With the right mix of assessments, students can be engaged in exciting learning that will prepare them for their futures without being over-tested. Teachers can have data that informs them about how students are learning as well as what they know. Districts and states can have data about how different groups of students are doing in different areas of the curriculum, so they can invest wisely in curriculum development, professional learning, and instructional supports.
The new assessments from the Smarter Balanced Assessment Consortium and the Partnership for Assessment of Readiness for College and Careers show promise as part of a broader system of assessment and instruction. Although still constrained to end-of-year formats and grade-level standards, the new assessments include some open-ended performance tasks and, in the case of Smarter Balanced, a set of formative instructional supports and interim assessment tools that can be used during the year. States participating in these consortia (about 30) could do even more to further modernize these tests and to embed them in productive systems if ESEA would let them.
To achieve this vision, several things must change in ESEA:
- Assessments should be reported and used for information and improvement rather than for sanctions and punishments. Then educators and students can pay attention to the full range of learning they need to accomplish, rather than drilling all year on a single, limited test that necessarily narrows the curriculum.
- Federal law should no longer prescribe technical features of tests in ways that prevent innovation and change.
- States should be encouraged to create integrated systems of state- and locally-administered assessments that provide information for the multiple purposes they need to serve. They should be allowed to distinguish between tests used annually to gauge student progress and those used for large-scale reporting purposes, so that the end result is a high-quality, cost-effective system that provides more useful information for guiding improvement.

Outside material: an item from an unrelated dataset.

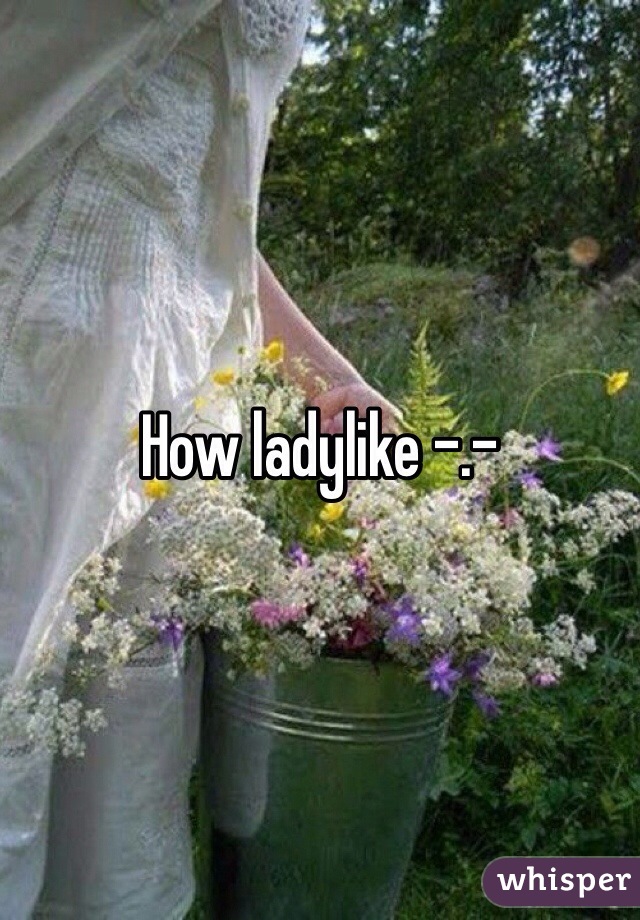 How ladylike -.-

- ESEA should encourage accountability systems that rely on data dashboards that offer multiple measures of student success, as well as further students' opportunities to learn. That will encourage states and districts to close the gaps in students' access to high-quality curriculum offerings as a means to improving outcomes.
- These systems should gauge student learning by measures that capture success in ways that extend beyond tests, such as: successful completion of challenging coursework, like Advanced Placement, International Baccalaureate, Early College courses, and Linked Learning courses of study; rigorous portfolios that assess coursework and performance like those offered by the National Academies Foundation and the New York Performance Standards Consortium -- all of which are more predictive of college and career success than a sit-down test offered on a single day.
Testing, in any form, should never be the be-all and end-all of an accountability system, but it can have an important role. Allowing states to create intelligent systems of assessment will, in the long run, better support student learning than the one-size-fits-all model we've struggled with for the last decade.